Study Databricks DE-PRO PII and Retention: key concepts, common traps, and exam decision cues.
On this page
Compliance questions are really workflow questions. Databricks wants privacy controls that still make operational sense across batch, streaming, and serving layers.
Privacy-choice map
Requirement
Better first instinct
preserve analytical usefulness while hiding direct identifiers
pseudonymization
reduce re-identification risk more aggressively
anonymization
ensure old data is removed according to policy
retention-aware purging workflow
enforce privacy in active pipelines
integrate masking and privacy logic into the pipeline design
Start with privacy goal, then operational consequence
If the business needs…
Stronger first answer
hidden identifiers but still useful joins
pseudonymization
stronger reduction of re-identification risk
anonymization
data removed after a policy window
retention-aware purge workflow
privacy enforced during ongoing processing
pipeline-integrated controls
What the exam is really testing
If the stem says…
Strong reading
“hashing, tokenization, suppression, or generalization”
this is a privacy-method selection question
“PII in silver and gold”
privacy controls must fit downstream sharing and analytics use
“retention policies”
the answer needs a real purging design, not just a statement of intent
Why retention is operational
Retention questions are not solved by saying “follow policy.” They require a design that actually removes or expires sensitive data on time and does not leave old copies lingering indefinitely in downstream layers.
Common traps
Trap
Better rule
treating masking as the same thing as anonymization
they solve different privacy goals
ignoring retention policy after data lands
compliance includes purge behavior
choosing a privacy method without considering downstream use
protection and utility both matter
Scenario triage
Scenario clue
Stronger answer shape
“hide identifiers but preserve analytical linkage”
pseudonymization
“reduce re-identification risk as strongly as possible”
anonymization
“old sensitive data must be removed after a fixed period”
purge workflow
“privacy controls must work in active pipelines”
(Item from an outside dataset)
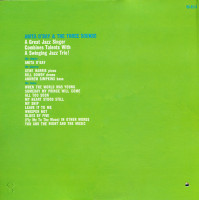 r-3448929-1330802275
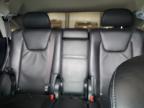 Greenwood, NE에서 판매 중인 2015 Lexus Rx 450H - All Over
integrate privacy logic into pipeline design
Decision order that usually wins
Privacy questions usually hinge on whether the business still needs linkage utility. If analytics still needs joins but direct identifiers should be hidden, think pseudonymization. If old sensitive data must actually disappear, you need a real retention-enforcement and purge workflow, not just access control. DE-PRO usually rewards operational privacy controls instead of cosmetic policy answers.